I had cut up most of the suit for my dress: trousers, back jacket panel and jacket sleeves. Only the front of the jacket was left. I used half the fronts, and all of the jacket lining (minus sleeves) for this waistcoat.

The pattern is Burda Style 11/2013 which has some great child sized patterns in that issue. This pattern is actually for a fur vest, not a proper waistcoat. I traced the largest size, and added 1 1/4 inch of length.

I cut the two back pieces from the back jacket lining. These have a seam instead of on the fold, but they were already stitched together, so I left them as they were. They just fitted, with no other seams, but I did have to unpick the side backs from the centre backs. They had been taken in there so the seam allowance was large. 

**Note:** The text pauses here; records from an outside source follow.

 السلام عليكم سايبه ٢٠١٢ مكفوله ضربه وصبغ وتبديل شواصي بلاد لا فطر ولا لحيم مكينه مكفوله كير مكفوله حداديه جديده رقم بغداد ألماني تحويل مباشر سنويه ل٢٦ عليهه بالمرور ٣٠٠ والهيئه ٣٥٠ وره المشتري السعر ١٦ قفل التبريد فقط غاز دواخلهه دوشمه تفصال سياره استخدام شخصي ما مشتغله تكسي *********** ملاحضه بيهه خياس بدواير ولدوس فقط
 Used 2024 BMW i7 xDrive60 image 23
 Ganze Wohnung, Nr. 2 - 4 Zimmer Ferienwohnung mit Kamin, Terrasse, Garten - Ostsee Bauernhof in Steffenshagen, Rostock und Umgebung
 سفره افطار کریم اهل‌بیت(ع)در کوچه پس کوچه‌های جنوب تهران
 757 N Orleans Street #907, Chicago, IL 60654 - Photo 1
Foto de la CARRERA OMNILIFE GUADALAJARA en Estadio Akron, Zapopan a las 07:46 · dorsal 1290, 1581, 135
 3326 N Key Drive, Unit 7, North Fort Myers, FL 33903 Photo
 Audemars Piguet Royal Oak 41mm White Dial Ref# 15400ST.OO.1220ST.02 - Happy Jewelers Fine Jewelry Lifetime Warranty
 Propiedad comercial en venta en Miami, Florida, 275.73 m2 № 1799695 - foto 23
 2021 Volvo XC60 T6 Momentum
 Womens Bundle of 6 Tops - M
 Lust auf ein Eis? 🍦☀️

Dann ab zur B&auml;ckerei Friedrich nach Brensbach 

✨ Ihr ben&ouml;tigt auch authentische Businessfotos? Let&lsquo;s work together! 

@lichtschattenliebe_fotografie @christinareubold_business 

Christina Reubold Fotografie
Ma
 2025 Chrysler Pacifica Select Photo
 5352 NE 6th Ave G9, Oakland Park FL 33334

This photo shows the whole lining being used. The pattern was lengthened after I took this. The two backs are going to run down the centre back and the two fronts are taking up the whole front lining, including the welt pocket on the right.

The front pieces were cut from the front of the jacket, with the jacket hem used as the waistcoat hem. The tailors had sewn bias binding around the hem curve and I wanted to make the most of their work. The front jacket is also interfaced with fusible interfacing. After I lengthened the pattern, I could just squeeze out the fronts without running into the buttonhole. It is in the seam allowance, as is the side of the outside welt pocket.

I managed to keep the small welt pocket from the lining that sits high on the inside of the left front jacket. I moved this to the lower inside waistcoat as it was the only pocket where the scale was right for a child's garment. All the other pockets were way too big. The handkerchief pocket would have been cute, but I couldn't get a lower front from it. The care instructions label was just below the welt, so I kept both of those features.

I had a terrible job figuring out the instructions for turning the waistcoat and a quick and simple project turned into a lot of unpicking. I unpicked the shoulder seams to try to get the turn the way Burda instructed. I unpicked the side seams when that didn't work. I sewed them up again, and still it didn't work, so they got unpicked a third time. Gosh, I'm so bored just writing this! I got there in the end, thanks to this tutorial. I was able to sew most of the hem closed from the inside and just hand sewed the last little bit. I wish I had stabilised the back neckline with a bit of ribbon or stay tape, it seems very flimsy.

I didn't add any closures, hanging open is fine, and kept the edge looking clean, preserving the edge that the nice suit tailors put there, stabilised and steamed so beautifully.

We decided that she looks like a farmer's son in Sunday best, rather than a beggar boy. She is going to put some pennies in her pocket and pretend she is a thief!

Sunday, 1 October 2017

Needlecord Erin Skirt

This skirt is the third pattern I've made from the Sew Over It, My Capsule Wardrobe, City Break. I got this pattern bundle in a Black Friday promotion last year, and almost immediately also bought this teal coloured needlecord for the Erin Skirt.

As we head into / are deep into another Autumn, I got thinking about this garment and wanted to get on with it.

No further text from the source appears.